**Task prompt**: From the line that contains "Geometric Hand Tattoo for Women" down to the last line of the entries, repeat every line exactly. Do not carry over the pictures.
Task input Block Start
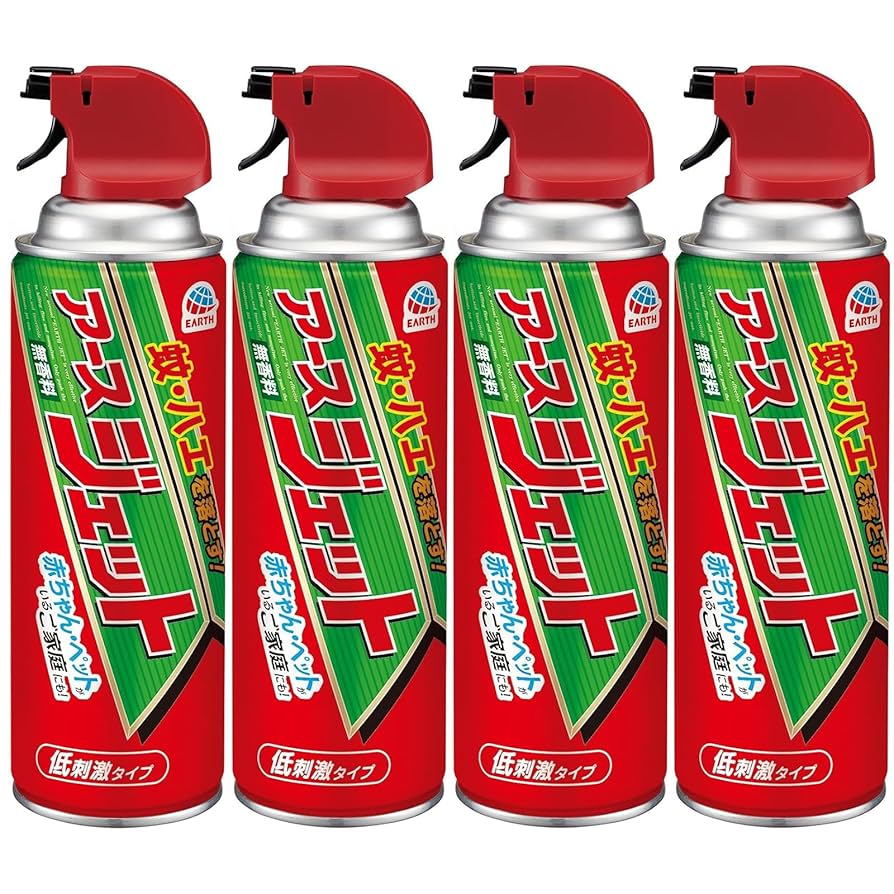 Amazon.co.jp: アースジェット 害虫駆除スプレー 450ml 4本 袋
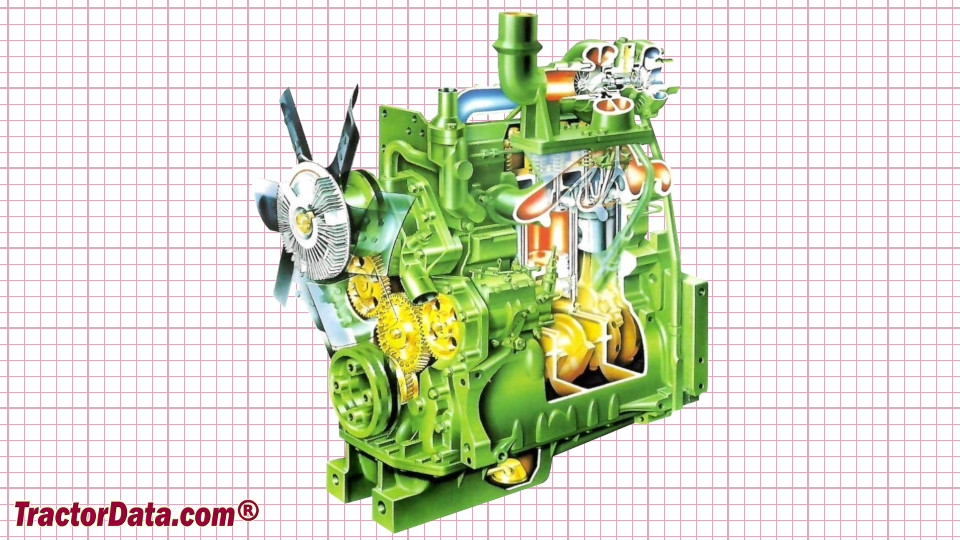 John Deere 5700 engine image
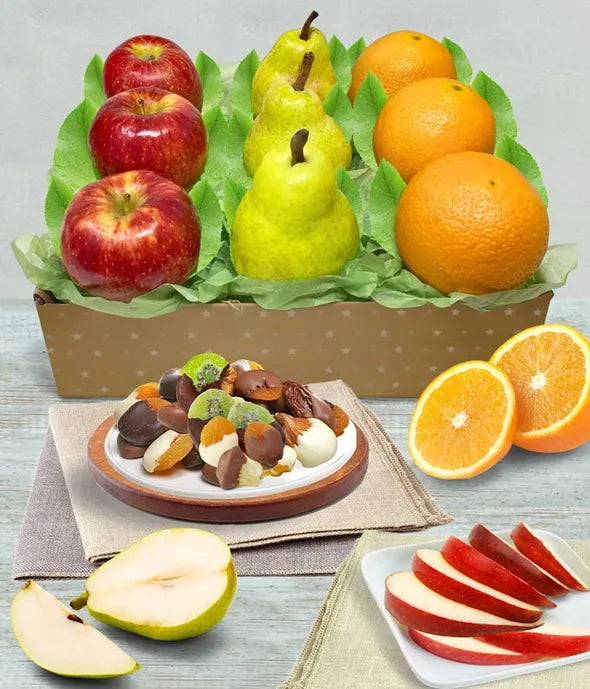 Classic Fruit Gift Basket - ROSE GARDEN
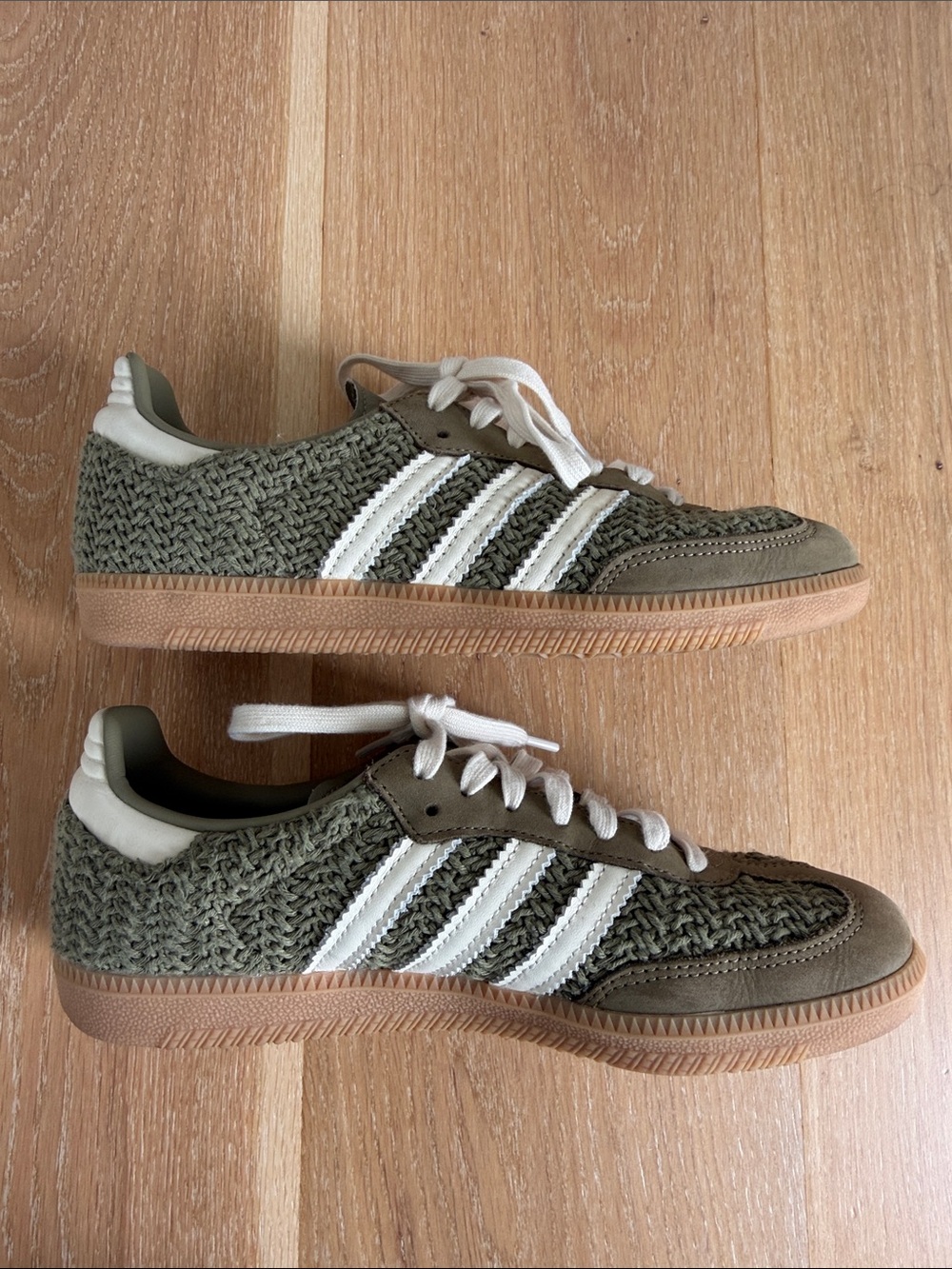 Women’s Adidas Olive Green Samba Woven Sneakers size 6.5 - Picture 5 of 13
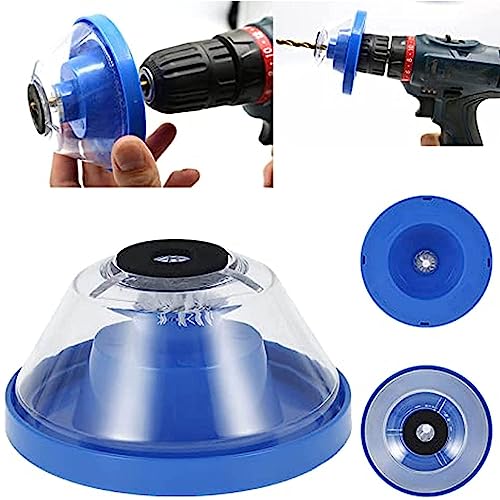 Image of JIAVAXA Drill Dust Collector Catcher Attachment, Electric Drill Dust Cover Ash Bowl Accessory Dustproof Device Electric Hammer Drill Dust Collector For Home Reusable Drilling Wood Wall Working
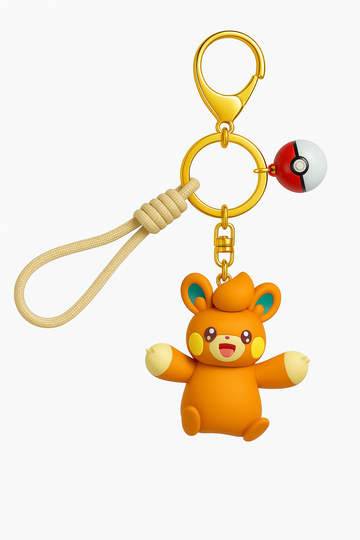 Pokémon Teddiursa. Keychain | Bag Charm & Key Ring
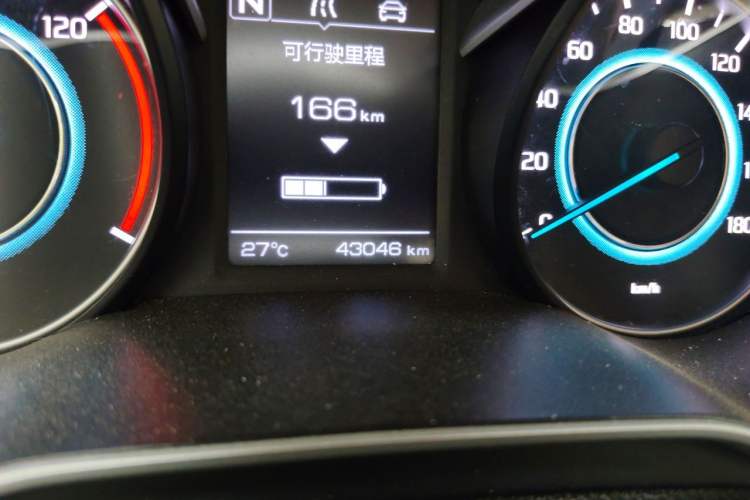 Used CHANGAN Eado New Energy 2022 EV460 Smart Ride-Hailing Edition – Lithium Iron Phosphate Odometer Close Up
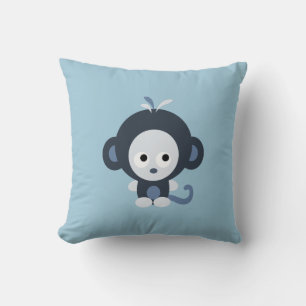 Coussin Beau singe bleu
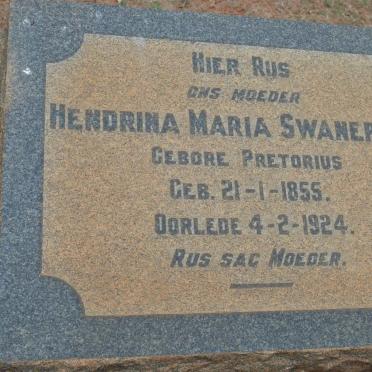 SWANEPOEL Hendrina Maria nee PRETORIUS 1855-1924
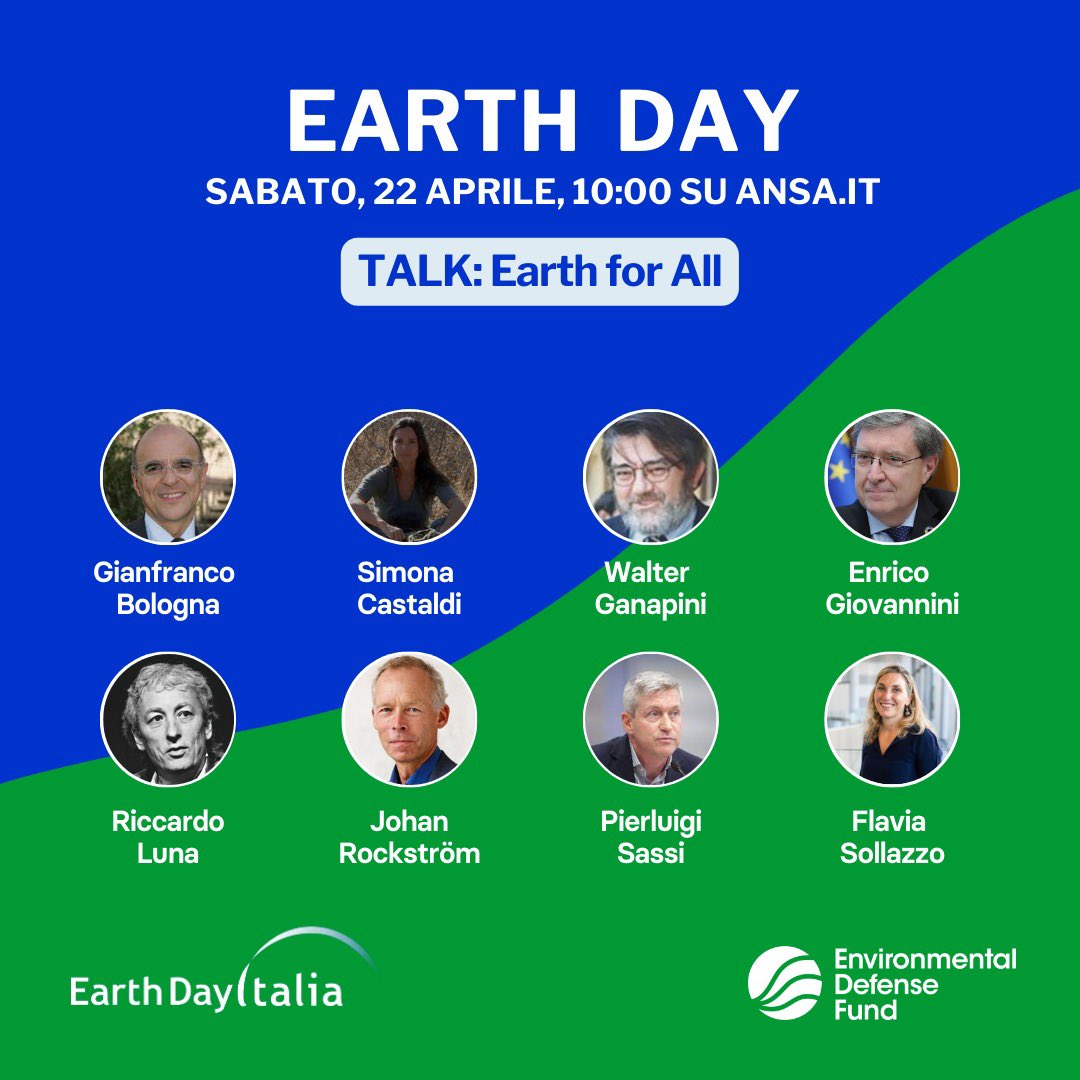 EnvDefenseEuro's tweet photo. 🔴 We‘re LIVE  🔴

Tune in to the #EarthDay2023 expert discussion with @RiccardoLuna, @bologna_g, @wganapini, @PierluigiSassi, @jrockstrom, @Sollazzoff and more about our planet's limited resources, #ClimateChange and solutions 💡

👉 https://t.co/mL4mQogmPO https://t.co/88mcxfOy7t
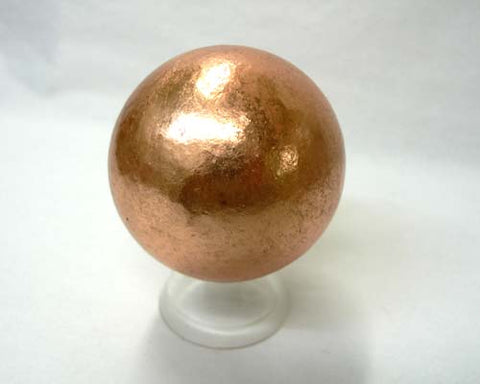 Large Copper Spheres - 18pc flat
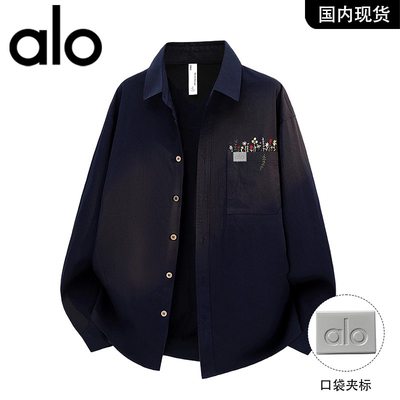 官方奥特莱斯品牌折扣春季港风复古工装长袖衬衫男休闲痞帅衬衣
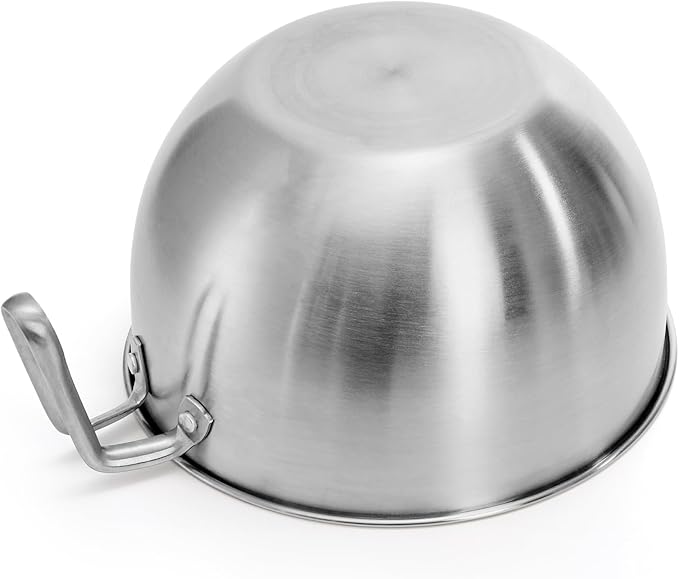 3 Pieces 304 Stainless Steel Mixing Bowls, 1.3/2.1/2.6 Quart Mixing Bowl Set with Handle, Pour Spouts & Measurement Marks, Metal Nesting Bowls with Silicone Spatula for Baking Cooking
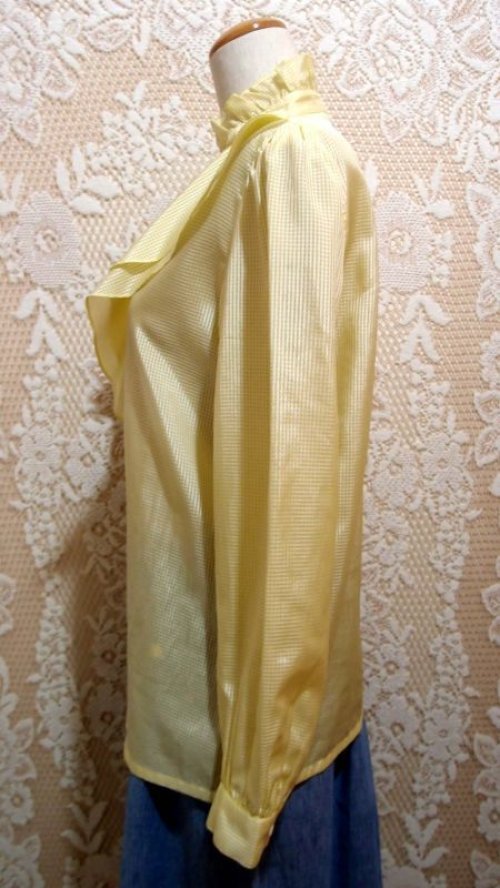 他の写真1: フリルカラーギンガムチェックブラウス[5071]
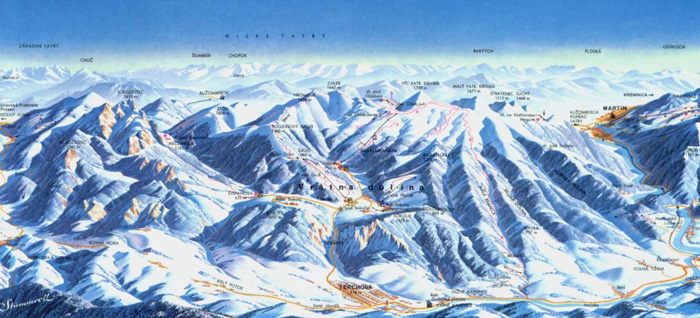Winter map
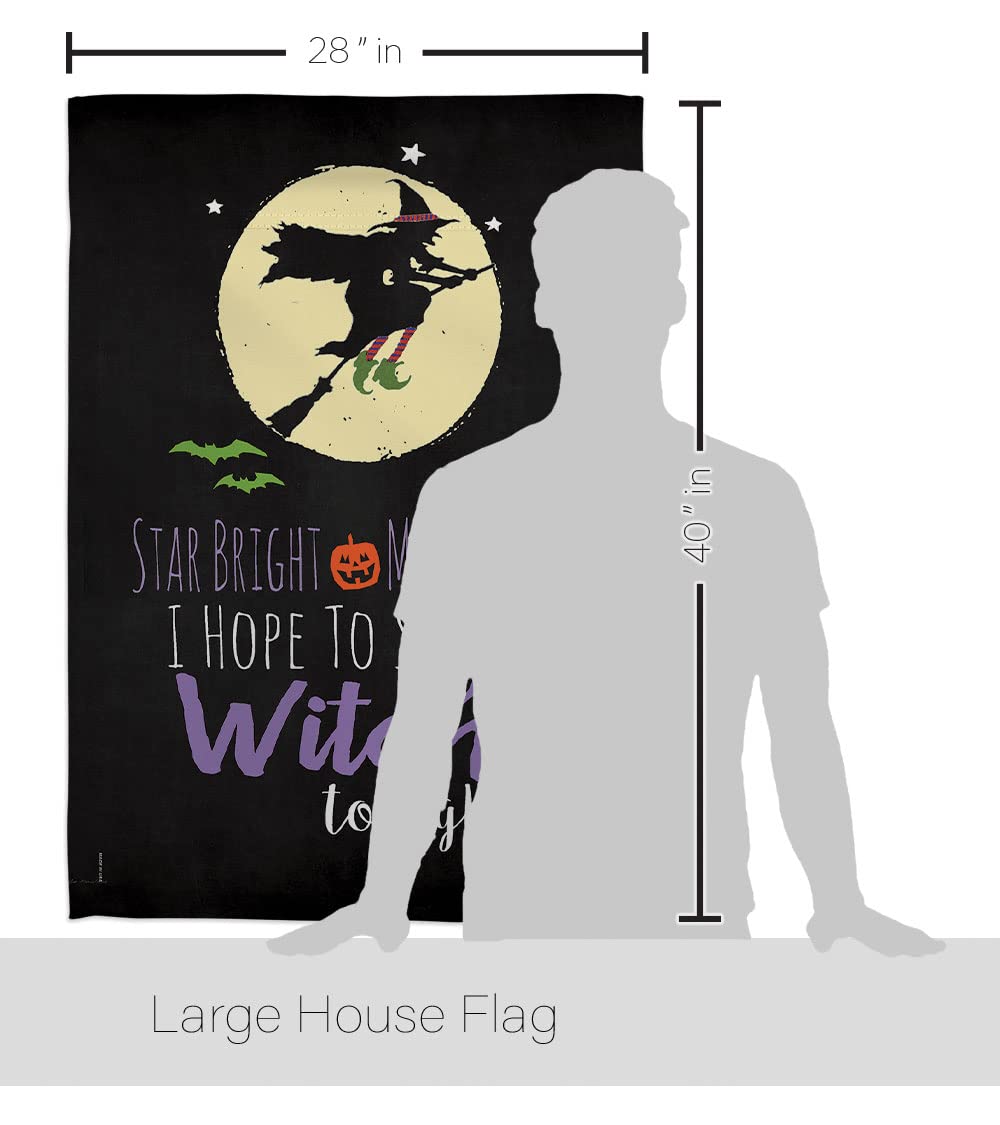 Halloween Decorative Flag 28x40in - Fall Star Bright Vertical House Flag for Outdoor & Indoor Decor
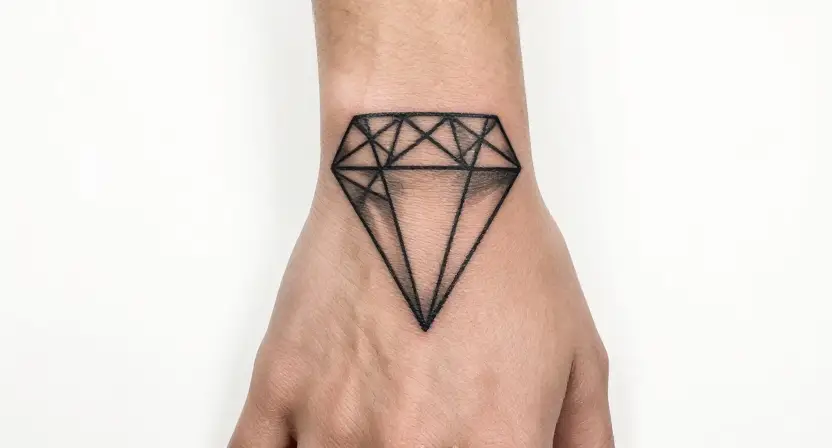 Geometric Hand Tattoo for Women
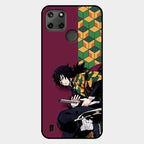 Water Soul Glass Case Cover For Realme C25Y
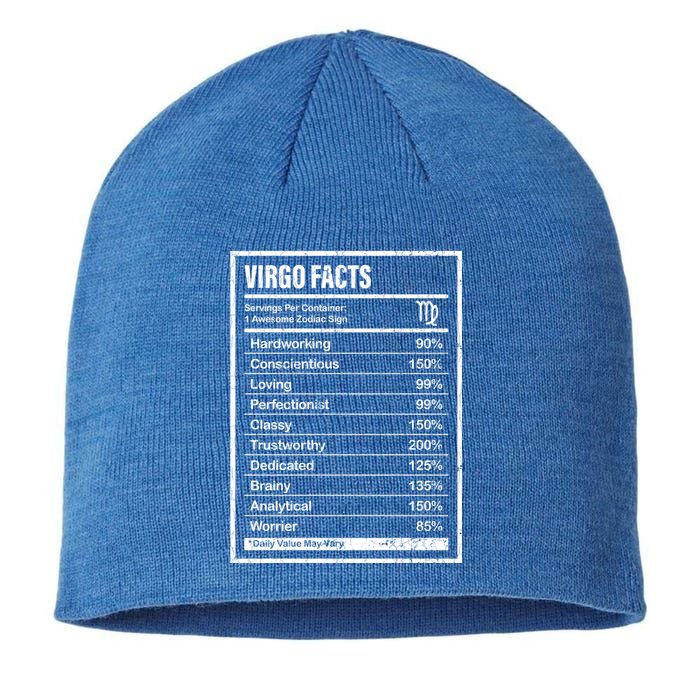 Virgo Facts And Funny Zodiac Gift Sustainable Beanie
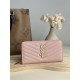 Best Replica YSL Saint Laurent Monogram Continental Zip Around Wallet Pink Knockoff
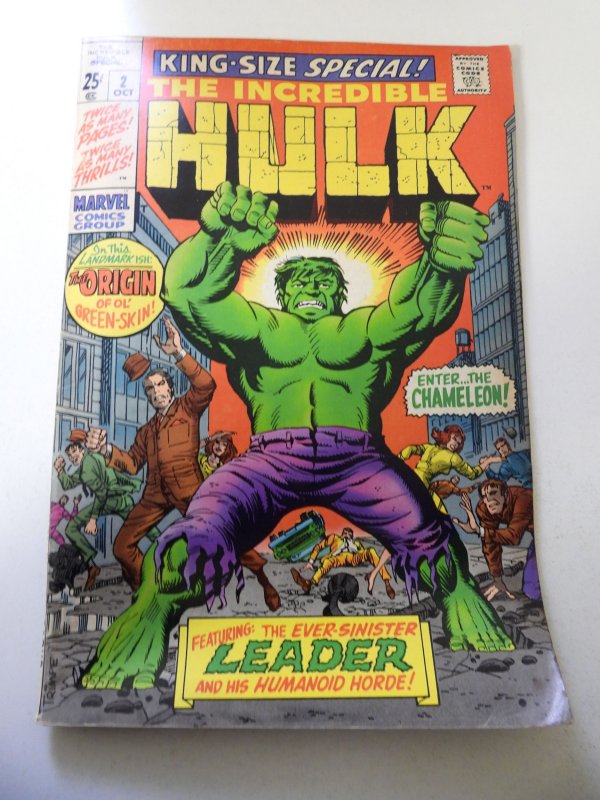 The Incredible Hulk Annual #2 (1969) VG+ Condition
Task input Block End
**Solved exercise**:
 Geometric Hand Tattoo for Women
 Water Soul Glass Case Cover For Realme C25Y
 Virgo Facts And Funny Zodiac Gift Sustainable Beanie
 Best Replica YSL Saint Laurent Monogram Continental Zip Around Wallet Pink Knockoff
 The Incredible Hulk Annual #2 (1969) VG+ Condition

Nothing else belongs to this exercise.